¡ Dichoso quien habita el mundo desde dentro hacia fuera y sólo en contadas ocasiones rompe el cofre del silencio para dispensar las palabras, cual monedas de plata, porque hallará la paz !.
Las palabras desenvuelven el mundo, lo constituyen y lo complican. Nos muestran una realidad superlativa desmesurada y patética.
Me pregunto si la parquedad en el hablar, por el contrario, derivaría en un mundo somero, mucho más sobrio y fácil de asimilar.
Resulta muy atractiva esa realidad plegada y enigmática que nos ofrece la mente cuando acabamos de despertar. Entonces parece, que nuestro deambular por la vida, lo es entre un pequeño grupo de personas, de cosas, a los que nos une una indefinida afinidad. Actuar resulta más fácil, no se precisan costosas explicaciones y la benevolencia de nuestros actos parece aflorar todo el tiempo por la mansa superficie de la realidad.
Todo resulta explícito en este “pequeño mundo”, porque está hecho de afecto, no de palabras. La palabra es el exceso, el pecado de soberbia que lo despliega fatalmente hasta el infinito. (El infinito por definición, es un laberinto).

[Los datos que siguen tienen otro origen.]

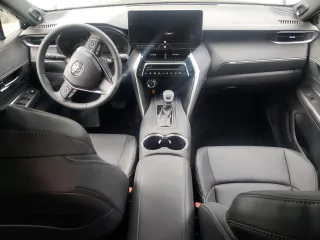 2024 Toyota Venza LE z VIN JTEAAAAH0RJ188937, wystawiony jako Copart lot #51361275 z przebiegiem 3 829 mil mil oraz Szkoda całkowita • Salvage title. Historia ofert i sprzedaży dostępna na DreamBid. Obrazek 8.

Pero “este mundo” es muy frágil, esta hecho en parte de pequeñas renuncias y en parte de la materia del último sueño. Se rompe en un instante, como una pompa de jabón al roce del primer sonido articulado y al avanzar el día, apenas queda un vago recuerdo.
Sin embargo, algunas noches, este recuerdo, se convierte en un anhelo: ¡Si el mundo fuera más sobrio, más ingenuo, sería más fácil obrar bien!.